The fatal collision between an autonomous Volvo XC90 operated by Uber Technologies and 49-year-old Elaine Herzberg in March could have been prevented, had the vehicle’s software not dismissed what its sensors saw.
That’s what two sources briefed on the issue told The Information, but Uber isn’t divulging what led to the Tempe, Arizona collision. What it will admit to, however, is the hiring of a former National Transportation Safety Board chair to examine the safety of its self-driving vehicle program.
Uber suspended testing following the March crash. In the aftermath, a video showing the seconds leading up to the impact revealed a vehicle that didn’t react to the victim crossing its path on a darkened road.

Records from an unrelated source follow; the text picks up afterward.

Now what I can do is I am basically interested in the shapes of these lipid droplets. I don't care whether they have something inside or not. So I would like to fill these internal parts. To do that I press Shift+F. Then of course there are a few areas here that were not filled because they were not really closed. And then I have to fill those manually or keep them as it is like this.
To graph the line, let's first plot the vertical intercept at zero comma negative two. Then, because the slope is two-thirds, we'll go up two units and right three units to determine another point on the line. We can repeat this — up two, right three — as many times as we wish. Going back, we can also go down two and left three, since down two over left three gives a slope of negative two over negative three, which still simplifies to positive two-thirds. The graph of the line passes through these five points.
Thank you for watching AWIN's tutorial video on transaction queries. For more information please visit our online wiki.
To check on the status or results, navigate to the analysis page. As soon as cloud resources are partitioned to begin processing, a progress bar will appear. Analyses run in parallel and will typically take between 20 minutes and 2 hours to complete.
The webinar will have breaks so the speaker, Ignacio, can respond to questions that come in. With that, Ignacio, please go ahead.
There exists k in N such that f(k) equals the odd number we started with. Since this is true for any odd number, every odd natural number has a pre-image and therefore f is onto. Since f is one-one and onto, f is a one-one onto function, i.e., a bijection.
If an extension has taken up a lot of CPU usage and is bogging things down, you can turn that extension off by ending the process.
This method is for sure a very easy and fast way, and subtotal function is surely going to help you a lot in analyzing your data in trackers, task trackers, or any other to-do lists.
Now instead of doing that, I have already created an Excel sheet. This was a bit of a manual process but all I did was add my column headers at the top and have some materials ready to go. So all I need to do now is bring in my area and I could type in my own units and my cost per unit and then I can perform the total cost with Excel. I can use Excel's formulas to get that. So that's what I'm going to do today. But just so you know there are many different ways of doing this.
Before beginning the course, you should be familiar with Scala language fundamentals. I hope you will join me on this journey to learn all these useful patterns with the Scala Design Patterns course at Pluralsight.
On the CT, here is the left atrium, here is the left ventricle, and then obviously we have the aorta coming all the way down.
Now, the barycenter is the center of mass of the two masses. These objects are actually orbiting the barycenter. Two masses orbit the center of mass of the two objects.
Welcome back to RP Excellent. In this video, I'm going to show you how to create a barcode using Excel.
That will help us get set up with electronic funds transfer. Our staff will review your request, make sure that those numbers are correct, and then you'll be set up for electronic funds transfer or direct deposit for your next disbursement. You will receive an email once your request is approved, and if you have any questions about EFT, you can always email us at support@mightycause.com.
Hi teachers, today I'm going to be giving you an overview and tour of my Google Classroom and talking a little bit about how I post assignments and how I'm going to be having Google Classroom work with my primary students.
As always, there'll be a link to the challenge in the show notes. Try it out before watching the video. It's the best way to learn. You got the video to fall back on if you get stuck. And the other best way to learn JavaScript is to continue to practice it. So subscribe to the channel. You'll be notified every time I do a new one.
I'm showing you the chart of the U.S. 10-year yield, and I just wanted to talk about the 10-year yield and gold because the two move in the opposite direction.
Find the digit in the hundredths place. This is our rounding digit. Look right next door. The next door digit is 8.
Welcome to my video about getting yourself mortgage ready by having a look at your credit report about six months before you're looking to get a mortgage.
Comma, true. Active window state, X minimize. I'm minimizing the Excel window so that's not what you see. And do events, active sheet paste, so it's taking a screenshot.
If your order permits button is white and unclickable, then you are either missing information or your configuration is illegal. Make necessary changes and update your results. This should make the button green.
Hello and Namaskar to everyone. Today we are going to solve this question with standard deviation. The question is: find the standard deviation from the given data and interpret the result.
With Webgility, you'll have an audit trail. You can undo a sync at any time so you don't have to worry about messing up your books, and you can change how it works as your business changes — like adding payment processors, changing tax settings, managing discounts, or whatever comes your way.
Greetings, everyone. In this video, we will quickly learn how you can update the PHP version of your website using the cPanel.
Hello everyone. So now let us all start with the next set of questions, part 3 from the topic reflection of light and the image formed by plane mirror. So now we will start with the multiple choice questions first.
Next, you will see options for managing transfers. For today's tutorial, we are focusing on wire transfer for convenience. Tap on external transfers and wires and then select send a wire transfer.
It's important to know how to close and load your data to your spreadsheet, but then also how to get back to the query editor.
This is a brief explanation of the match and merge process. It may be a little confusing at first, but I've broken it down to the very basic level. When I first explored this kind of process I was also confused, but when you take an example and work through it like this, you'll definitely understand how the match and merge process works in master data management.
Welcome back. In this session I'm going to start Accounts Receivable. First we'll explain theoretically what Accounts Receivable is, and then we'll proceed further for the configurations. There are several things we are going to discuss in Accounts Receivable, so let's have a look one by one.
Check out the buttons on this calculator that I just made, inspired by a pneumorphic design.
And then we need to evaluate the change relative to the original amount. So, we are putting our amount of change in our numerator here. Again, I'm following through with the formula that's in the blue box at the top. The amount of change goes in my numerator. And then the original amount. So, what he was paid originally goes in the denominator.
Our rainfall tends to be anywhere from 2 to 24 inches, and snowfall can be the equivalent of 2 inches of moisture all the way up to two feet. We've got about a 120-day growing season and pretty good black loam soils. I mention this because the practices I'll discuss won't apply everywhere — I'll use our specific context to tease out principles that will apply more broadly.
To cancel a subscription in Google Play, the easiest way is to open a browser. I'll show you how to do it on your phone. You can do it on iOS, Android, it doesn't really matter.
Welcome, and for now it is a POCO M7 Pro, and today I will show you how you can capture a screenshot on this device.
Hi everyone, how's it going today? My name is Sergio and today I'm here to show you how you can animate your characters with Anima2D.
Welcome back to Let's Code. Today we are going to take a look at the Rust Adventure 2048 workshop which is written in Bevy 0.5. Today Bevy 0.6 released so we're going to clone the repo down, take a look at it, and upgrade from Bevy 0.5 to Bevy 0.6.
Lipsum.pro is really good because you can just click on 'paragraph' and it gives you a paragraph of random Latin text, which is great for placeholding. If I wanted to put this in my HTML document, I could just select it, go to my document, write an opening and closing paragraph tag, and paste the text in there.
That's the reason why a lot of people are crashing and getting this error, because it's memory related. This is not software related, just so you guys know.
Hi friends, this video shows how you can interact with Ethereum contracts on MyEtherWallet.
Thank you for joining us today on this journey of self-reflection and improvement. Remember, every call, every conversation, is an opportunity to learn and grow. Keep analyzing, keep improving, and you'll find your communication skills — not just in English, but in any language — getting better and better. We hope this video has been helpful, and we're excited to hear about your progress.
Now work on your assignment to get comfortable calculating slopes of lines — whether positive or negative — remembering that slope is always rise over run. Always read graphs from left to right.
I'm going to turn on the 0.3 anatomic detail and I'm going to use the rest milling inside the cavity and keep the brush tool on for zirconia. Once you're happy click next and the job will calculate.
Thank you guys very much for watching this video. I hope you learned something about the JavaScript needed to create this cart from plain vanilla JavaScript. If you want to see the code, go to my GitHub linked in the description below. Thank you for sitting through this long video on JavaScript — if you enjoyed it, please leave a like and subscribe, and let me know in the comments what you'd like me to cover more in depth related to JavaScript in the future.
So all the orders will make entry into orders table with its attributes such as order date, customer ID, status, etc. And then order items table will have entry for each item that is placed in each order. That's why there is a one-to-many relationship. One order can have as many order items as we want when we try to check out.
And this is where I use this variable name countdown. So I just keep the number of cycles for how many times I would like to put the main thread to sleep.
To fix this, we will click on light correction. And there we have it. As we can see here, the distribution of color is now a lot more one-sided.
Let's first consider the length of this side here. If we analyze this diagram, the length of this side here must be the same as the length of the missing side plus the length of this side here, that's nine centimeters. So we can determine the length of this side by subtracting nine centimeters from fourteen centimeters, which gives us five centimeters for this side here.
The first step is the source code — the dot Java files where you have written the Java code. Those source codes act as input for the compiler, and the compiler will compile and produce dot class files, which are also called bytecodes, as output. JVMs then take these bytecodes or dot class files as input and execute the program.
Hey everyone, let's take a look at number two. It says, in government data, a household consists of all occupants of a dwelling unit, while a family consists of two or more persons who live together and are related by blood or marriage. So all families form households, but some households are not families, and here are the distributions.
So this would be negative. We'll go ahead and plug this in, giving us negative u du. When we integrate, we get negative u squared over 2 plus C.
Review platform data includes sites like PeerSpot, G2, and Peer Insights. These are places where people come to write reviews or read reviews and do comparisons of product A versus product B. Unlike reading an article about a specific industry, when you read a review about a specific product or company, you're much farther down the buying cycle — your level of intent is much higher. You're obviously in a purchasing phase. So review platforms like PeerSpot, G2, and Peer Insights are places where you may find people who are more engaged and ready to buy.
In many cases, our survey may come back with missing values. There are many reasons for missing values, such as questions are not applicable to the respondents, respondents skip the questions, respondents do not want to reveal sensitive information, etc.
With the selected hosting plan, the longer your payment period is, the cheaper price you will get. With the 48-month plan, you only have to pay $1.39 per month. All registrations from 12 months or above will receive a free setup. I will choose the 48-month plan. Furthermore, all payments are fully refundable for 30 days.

The Volvo’s headlights pick up Herzberg an instant before the collision, but it’s the forward-facing radar and 360-degree rooftop LIDAR unit that should have identified the woman as an object to be avoided.
Lidar supplier Velodyne denied any flaw in its product following the fatal crash.
Blame the software, the sources claim. Uber reportedly tuned its software to aggressively ignore what the sensors determined to be “false positives,” thus ensuring a smooth ride with fewer unnecessary course corrections or brake applications. An errant plastic shopping bag counts as a false positive. As far as the car’s software was concerned, Herzberg was just such an object, the sources stated.
Uber declined to comment on these claims. On Monday, the company announced the hiring of a safety expert to oversee its autonomous vehicle program.
“We have initiated a top-to-bottom safety review of our self-driving vehicles program, and we have brought on former NTSB Chair Christopher Hart to advise us on our overall safety culture,” Uber said. “Our review is looking at everything from the safety of our system to our training processes for vehicle operators, and we hope to have more to say soon.”
A preliminary report on the Tempe crash should emerge from the NTSB “in the coming weeks,” a spokesperson told Reuters.